Segment Start: Source records
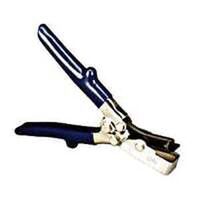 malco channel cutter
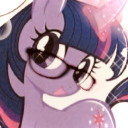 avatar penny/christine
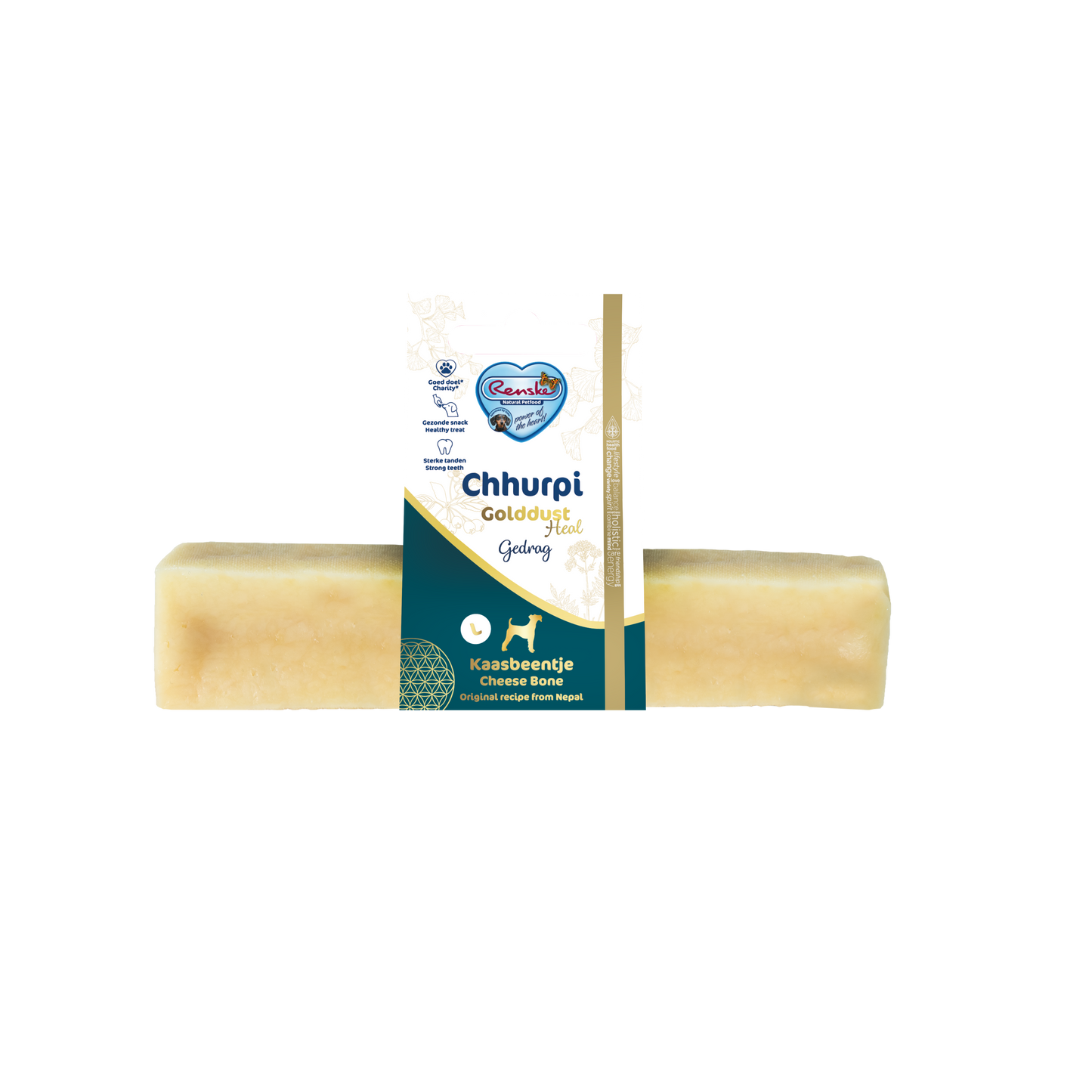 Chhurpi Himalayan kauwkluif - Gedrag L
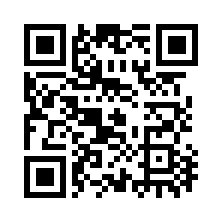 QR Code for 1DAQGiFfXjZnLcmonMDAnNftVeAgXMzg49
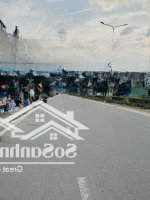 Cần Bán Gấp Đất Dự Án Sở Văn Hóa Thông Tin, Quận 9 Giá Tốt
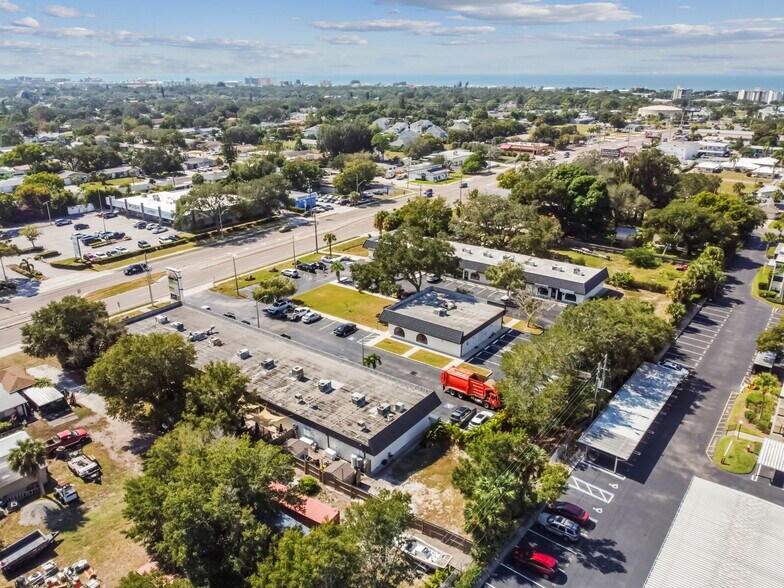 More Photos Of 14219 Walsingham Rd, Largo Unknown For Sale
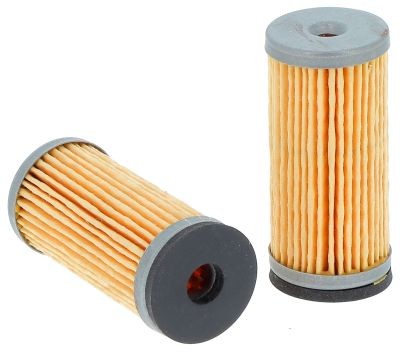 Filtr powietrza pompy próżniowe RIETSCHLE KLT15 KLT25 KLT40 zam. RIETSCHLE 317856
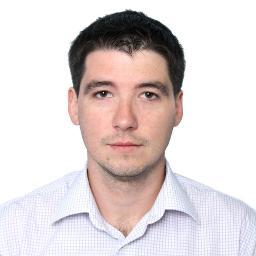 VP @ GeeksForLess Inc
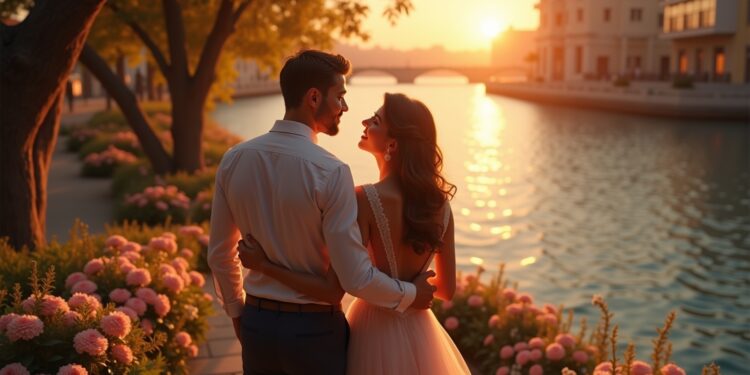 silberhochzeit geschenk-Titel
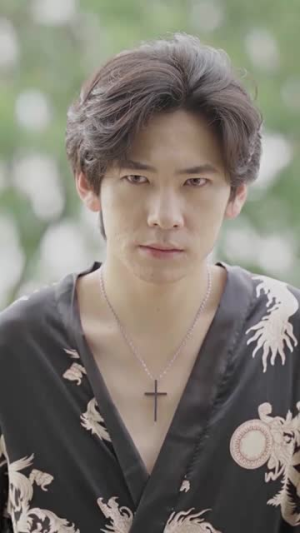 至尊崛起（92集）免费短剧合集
Segment End: Source records
» **Problem description**:
Each line, from the beginning of the listing to the line bearing "More Photos Of" inclusive, should be copied exactly; the pictures stay out.

» **Completed task**:
 malco channel cutter
 avatar penny/christine
 Chhurpi Himalayan kauwkluif - Gedrag L
 QR Code for 1DAQGiFfXjZnLcmonMDAnNftVeAgXMzg49
 Cần Bán Gấp Đất Dự Án Sở Văn Hóa Thông Tin, Quận 9 Giá Tốt
 More Photos Of 14219 Walsingham Rd, Largo Unknown For Sale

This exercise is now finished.